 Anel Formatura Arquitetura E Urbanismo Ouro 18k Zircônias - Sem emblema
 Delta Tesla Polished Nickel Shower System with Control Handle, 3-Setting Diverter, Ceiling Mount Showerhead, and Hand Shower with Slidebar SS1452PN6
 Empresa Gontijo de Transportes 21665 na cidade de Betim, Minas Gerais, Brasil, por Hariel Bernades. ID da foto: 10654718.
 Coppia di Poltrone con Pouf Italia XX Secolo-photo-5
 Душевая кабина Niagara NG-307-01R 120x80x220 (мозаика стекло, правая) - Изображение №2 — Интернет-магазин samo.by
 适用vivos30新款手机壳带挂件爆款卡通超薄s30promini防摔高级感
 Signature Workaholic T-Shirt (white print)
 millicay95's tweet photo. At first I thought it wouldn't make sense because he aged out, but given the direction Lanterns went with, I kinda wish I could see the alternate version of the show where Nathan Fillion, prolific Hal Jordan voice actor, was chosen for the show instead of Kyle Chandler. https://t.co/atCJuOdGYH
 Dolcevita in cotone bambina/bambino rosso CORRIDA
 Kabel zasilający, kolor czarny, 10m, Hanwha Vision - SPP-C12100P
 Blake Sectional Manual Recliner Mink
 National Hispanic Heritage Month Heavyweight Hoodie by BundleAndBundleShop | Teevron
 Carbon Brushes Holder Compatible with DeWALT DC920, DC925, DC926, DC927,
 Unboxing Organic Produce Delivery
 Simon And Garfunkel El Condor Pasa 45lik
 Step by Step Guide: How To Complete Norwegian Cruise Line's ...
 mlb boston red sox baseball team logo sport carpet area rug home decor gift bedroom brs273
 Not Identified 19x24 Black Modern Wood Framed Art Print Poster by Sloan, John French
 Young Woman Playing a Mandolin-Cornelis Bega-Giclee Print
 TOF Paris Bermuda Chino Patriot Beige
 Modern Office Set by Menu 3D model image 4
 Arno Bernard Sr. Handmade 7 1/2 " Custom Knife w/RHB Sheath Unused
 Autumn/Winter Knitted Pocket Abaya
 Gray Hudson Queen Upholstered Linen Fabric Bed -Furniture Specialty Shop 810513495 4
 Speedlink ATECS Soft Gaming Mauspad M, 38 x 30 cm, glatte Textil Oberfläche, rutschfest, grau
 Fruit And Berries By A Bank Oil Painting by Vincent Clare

-------------------------

Restate verbatim all lines from the start of the data through the line containing "Signature Workaholic T-Shirt (white print)", with both ends kept.

WRITTEN RESPONSE:
 Anel Formatura Arquitetura E Urbanismo Ouro 18k Zircônias - Sem emblema
 Delta Tesla Polished Nickel Shower System with Control Handle, 3-Setting Diverter, Ceiling Mount Showerhead, and Hand Shower with Slidebar SS1452PN6
 Empresa Gontijo de Transportes 21665 na cidade de Betim, Minas Gerais, Brasil, por Hariel Bernades. ID da foto: 10654718.
 Coppia di Poltrone con Pouf Italia XX Secolo-photo-5
 Душевая кабина Niagara NG-307-01R 120x80x220 (мозаика стекло, правая) - Изображение №2 — Интернет-магазин samo.by
 适用vivos30新款手机壳带挂件爆款卡通超薄s30promini防摔高级感
 Signature Workaholic T-Shirt (white print)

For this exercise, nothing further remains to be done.